Recorded data:
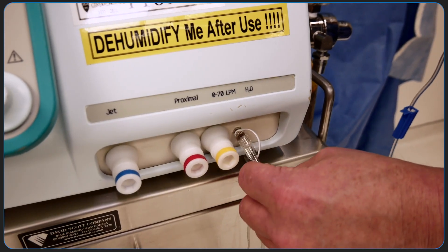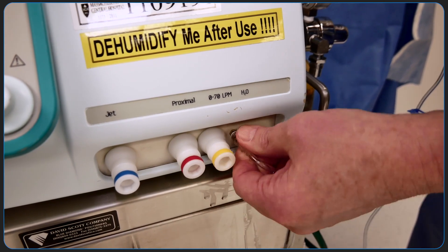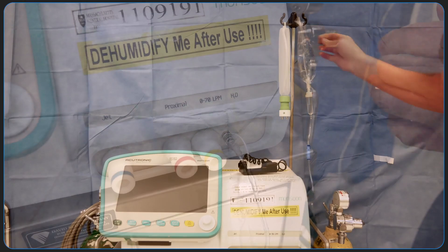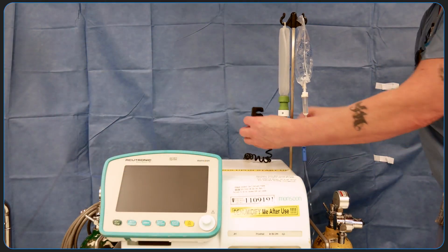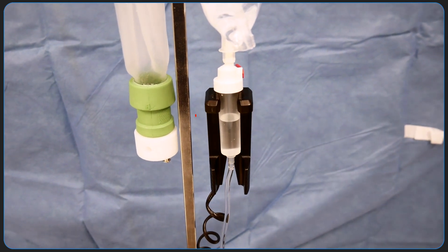Connect the IV set to the lower lock connection at the front of the ventilator. It can be helpful to drip some water into the connector to reduce the potential risk of an air bubble. Attach the drop sensor to the drip chamber, ensuring that the sensor at the top of the drop sensor is in contact with the chamber.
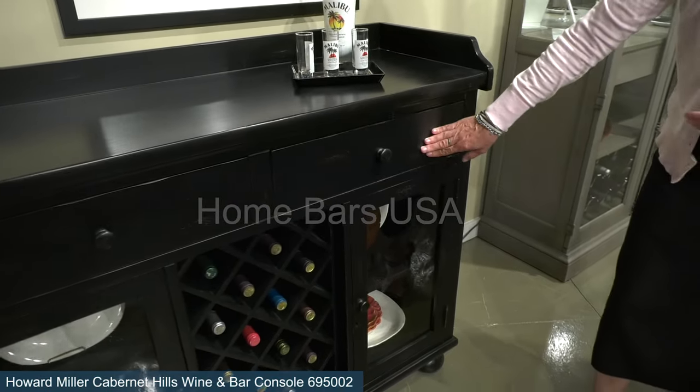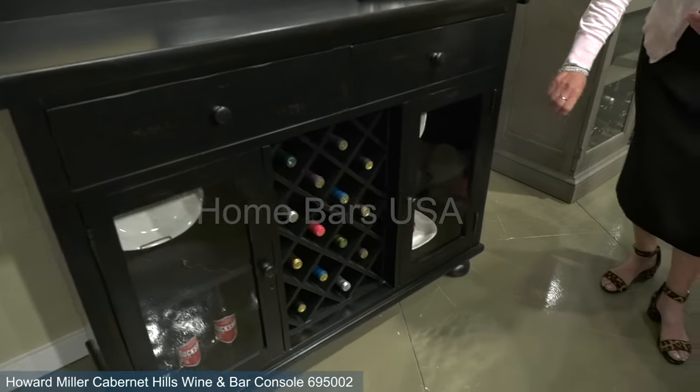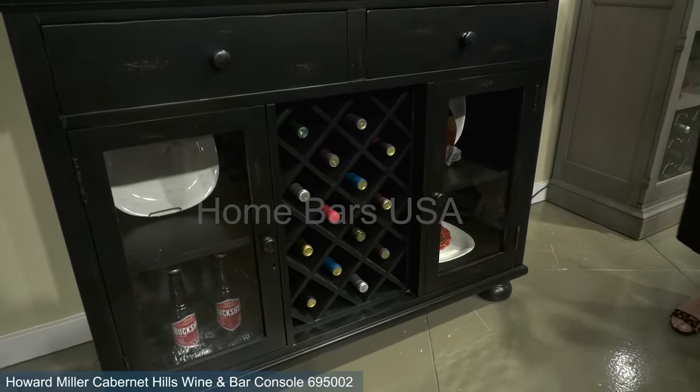Within this cabinet you're also going to have your wine storage and stemware storage, and also your beaded glass to really give it that antique feel.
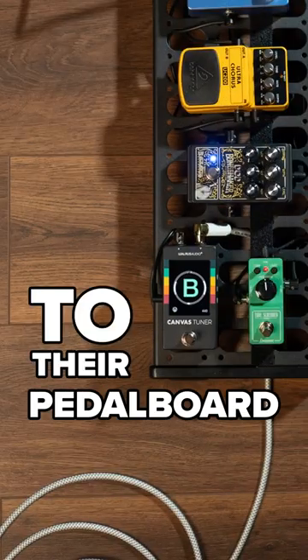We found the one pedal that every guitar player will want to add to their pedal board. What is it? It's a tuner — the Walrus Audio Canvas Tuner, super accurate and responsive.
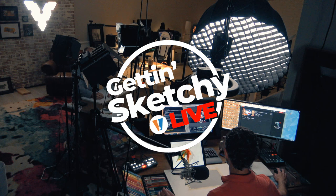Welcome to Getting Sketchy Live, brought to you by TheVirtualInstructor.com, featuring artists Matt Fussell and Ashley Hurst.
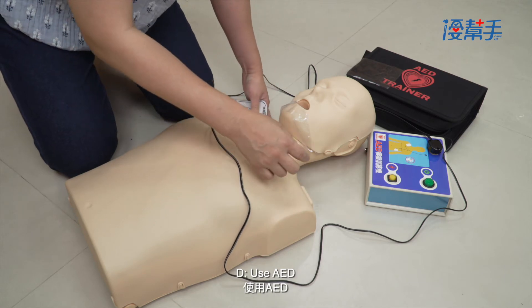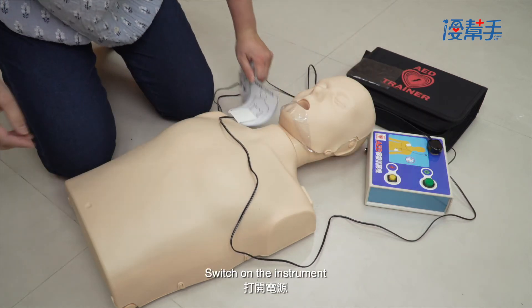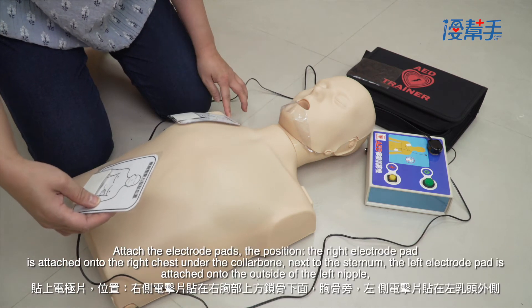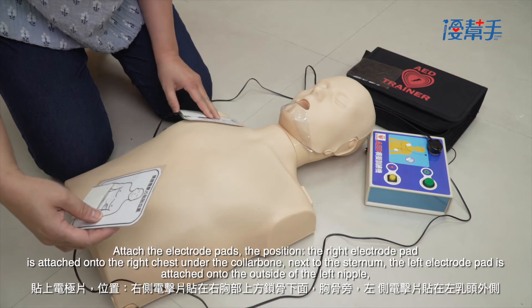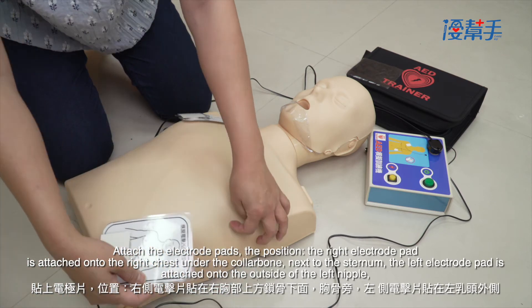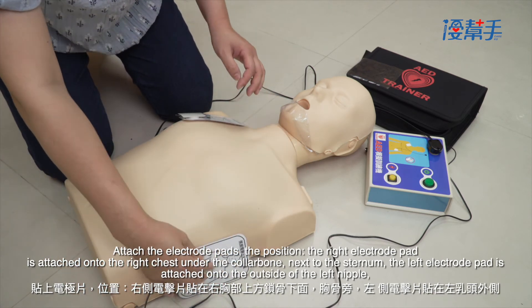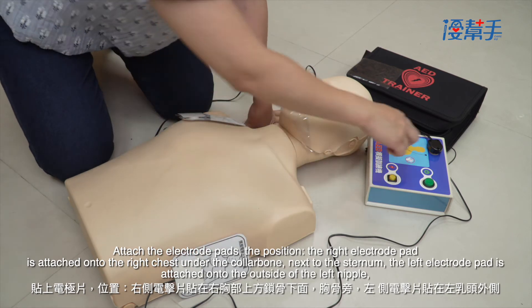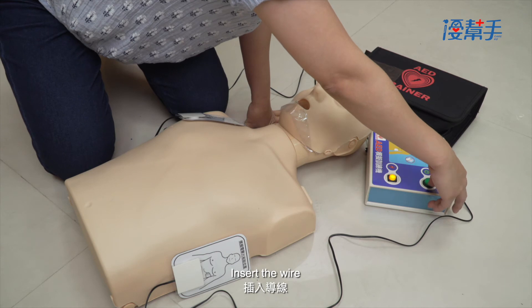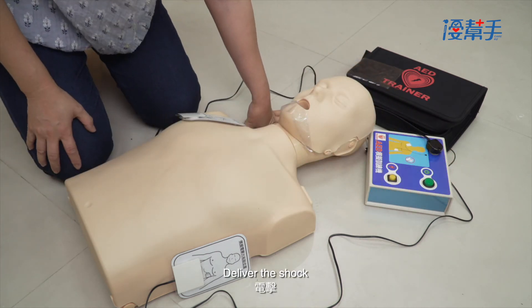Use AED. Switch on the instrument. Attach the electrode pads: the right electrode pad is attached onto the right chest under the collarbone, next to the sternum. The left electrode pad is attached onto the outside of the left nipple. Insert the wire, then deliver the shock.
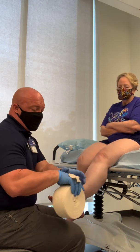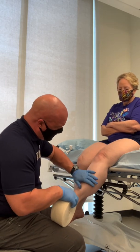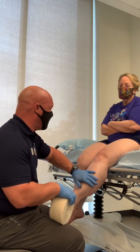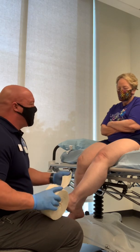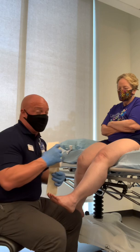This is the largest diameter we have of compression stockinette. Usually, a leg of this diameter, I would probably use 4, if not 5-inch compression stockinette, but we're going to make this work today. Because of the diameter challenges, we're going to measure a little bit greater than we normally would.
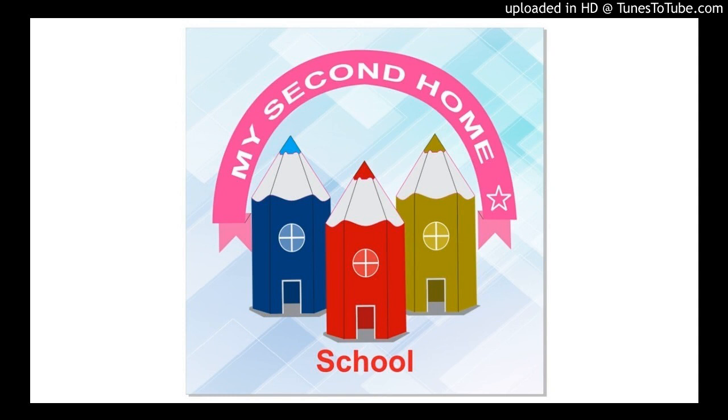Good morning students. Hope you are all fine. Today we are going to practice letter I.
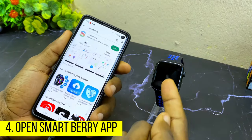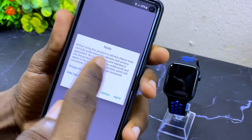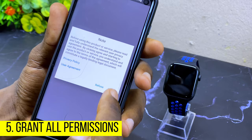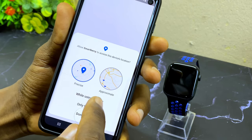The next step is to launch your app and connect it to your smartwatch. Let's launch our Smartberry app — select open. You'll see a note asking you to agree to the privacy policy and user agreement, so select the agree option. It's then going to ask for permission to access device location — select 'while using the app'.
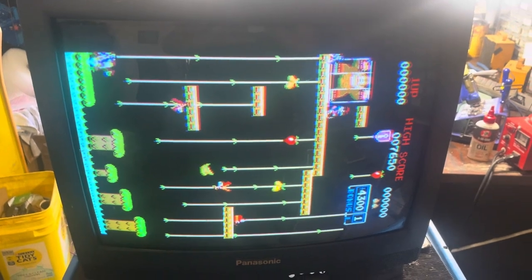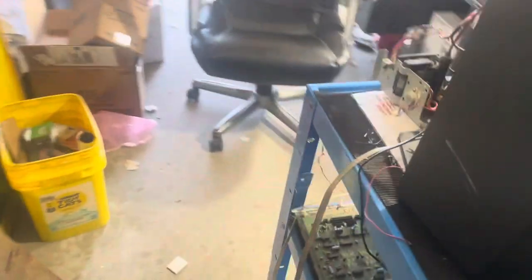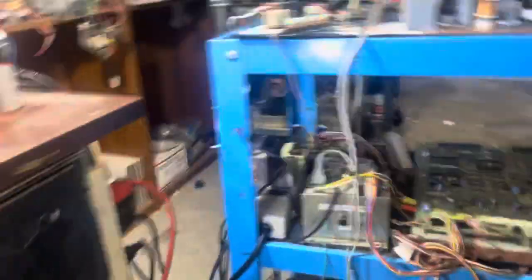Got it up and running, looking good. Been on my test for several hours. No problems have come up.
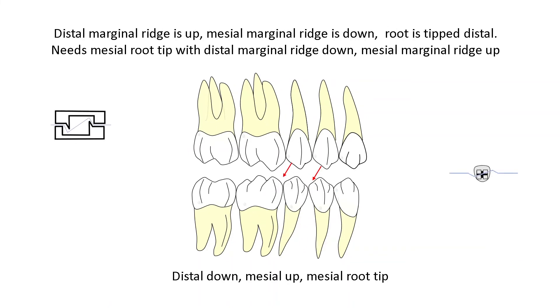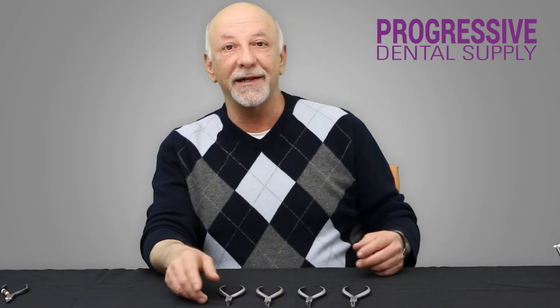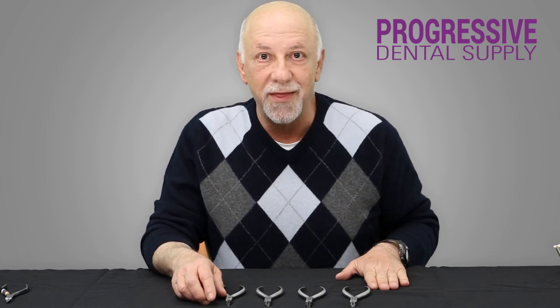We are talking about one tooth, and we can have six different combination bends that need to be created. We now have a set of four pliers that will enable us to create any combination of second order bend, keep them within the same plane, make the work easy and simplified, and save us a tremendous amount of chair time. I am sure you will find this set of pliers extremely useful, very helpful, and a major time saver. Thank you so much.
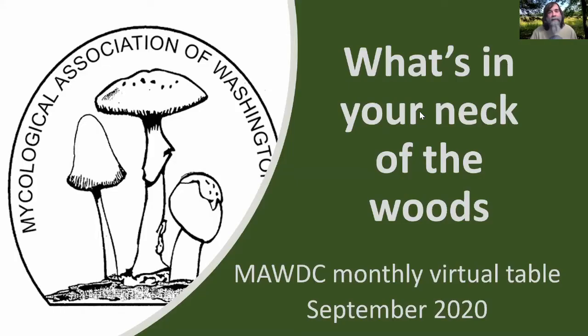This is our little Zoom table ID session that we do each month. People can send in mushrooms that you find during the month. We did recently have a virtual foray, which turned out pretty good. I did post the video of it on our YouTube page if you want to check that out. So let's just jump right in here.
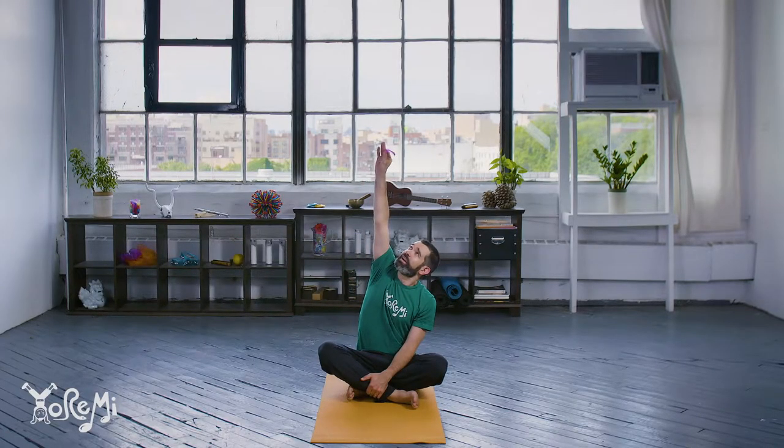I reach up high and I let go. I catch it. I reach up with my other hand this time and I let go and I catch it. My feather is so light that I can blow it away with my breath. And catch it.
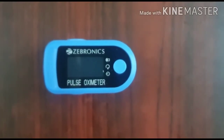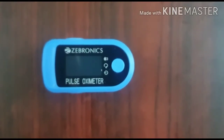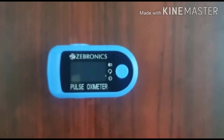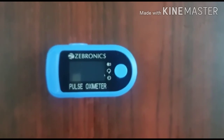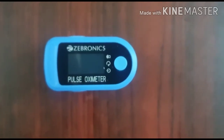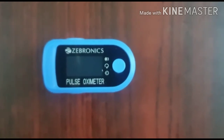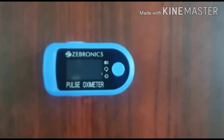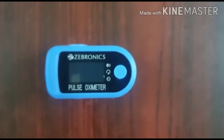Hi everyone, welcome to my channel. Hope you all are doing fine. Today I'm going to talk to you about a pulse oximeter. This device is non-invasive — it gives us two readings: one is the oxygen level in our blood, and the other is the pulse rate of the heart. I have chosen this topic today in the context of COVID-19.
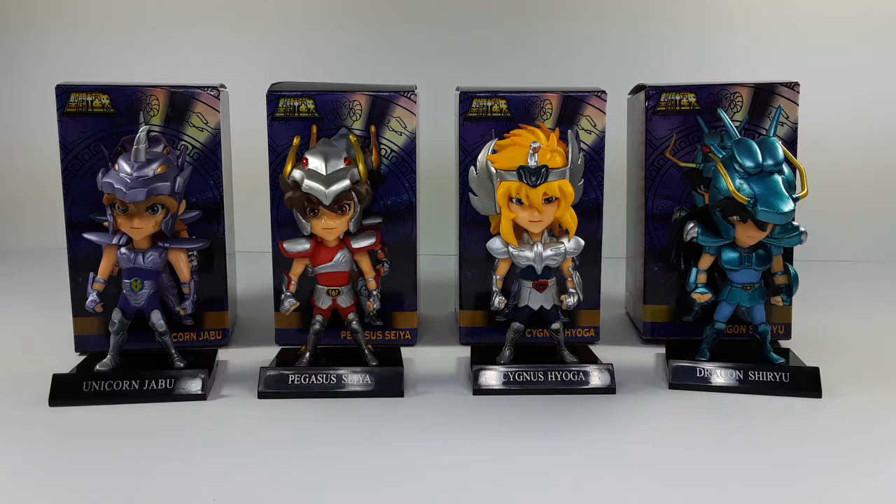Now let's get them all together and see how they look. Let me know in the comment section down below which one is your favorite — do you even know about these guys? Check them out, they're Saint Seiya, Spanish Caballeros del Zodiaco. Don't forget to like, comment, subscribe, and share this video. See you guys on my next video — peace!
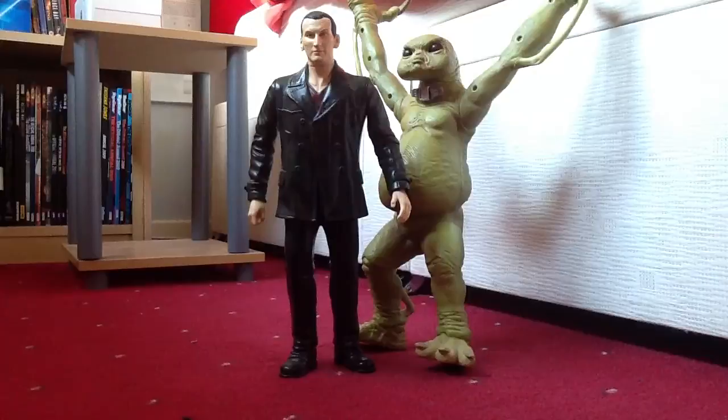They act as walkie-talkies, but unfortunately mine don't work anymore. I'm sorry about that, but I've had these since Christmas 2005 — the same year I got the remote control Dalek, which thankfully is still working. But these two unfortunately do not work anymore as walkie-talkies. So instead I'll just go into the detail and articulation, and I'll also show you how the buttons work for those who want to know what it would be like if they were still active.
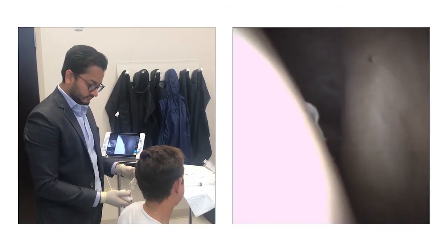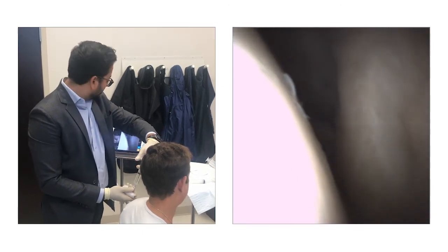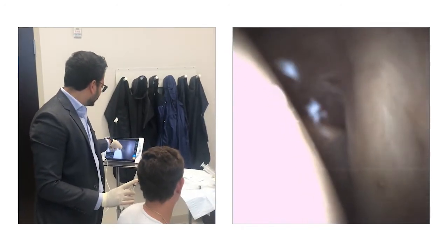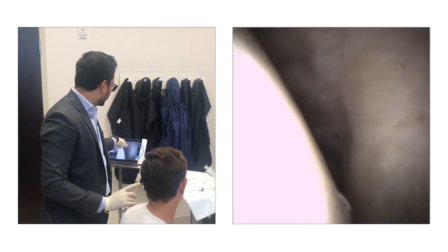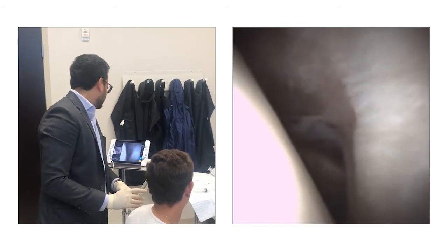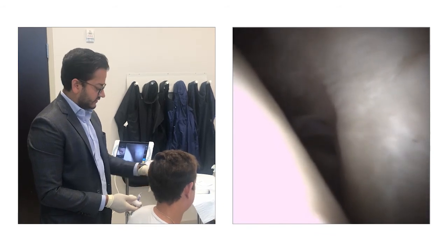Do you see any adhesions in this shoulder as you did in the right? No, not as bad, but your capsule is definitely inflamed — it's red. If you look right in here, that's red tinted. This is your subscap, which is a rotator cuff muscle. The ball, the socket, the labrum. And you get your biceps here. There's a reddish tint — nothing unusual. That's what is expected from a frozen shoulder.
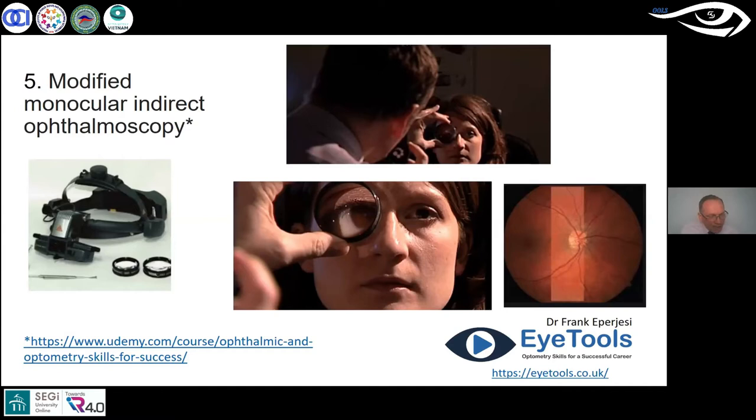You don't need a slit lamp for this, which can be expensive. You're sat back with your direct ophthalmoscope focusing on the image that the indirect lens creates. I tend to use a 20 diopter condensing lens — the type used with a head-mounted system — but I'm using it with my direct ophthalmoscope. This doesn't give me any 3D because I'm only using one eye, but it gives me a reasonable magnification and a better field of view.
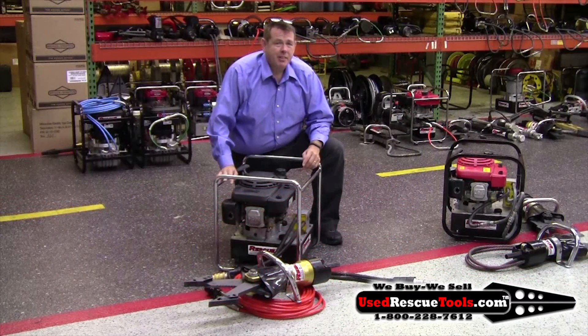The set's in great shape. Give us a call at 800-228-7612 and I'll make you a really good deal on this one.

### [YOUR OBJECTIVE]
Your answer must be the exact lines from the records above, from the one containing "We found the" through the one containing "Welcome to Getting", both included, with every picture left out.

### [RESULT OF THE EXERCISE]
We found the one pedal that every guitar player will want to add to their pedal board. What is it? It's a tuner — the Walrus Audio Canvas Tuner, super accurate and responsive.
Welcome to Getting Sketchy Live, brought to you by TheVirtualInstructor.com, featuring artists Matt Fussell and Ashley Hurst.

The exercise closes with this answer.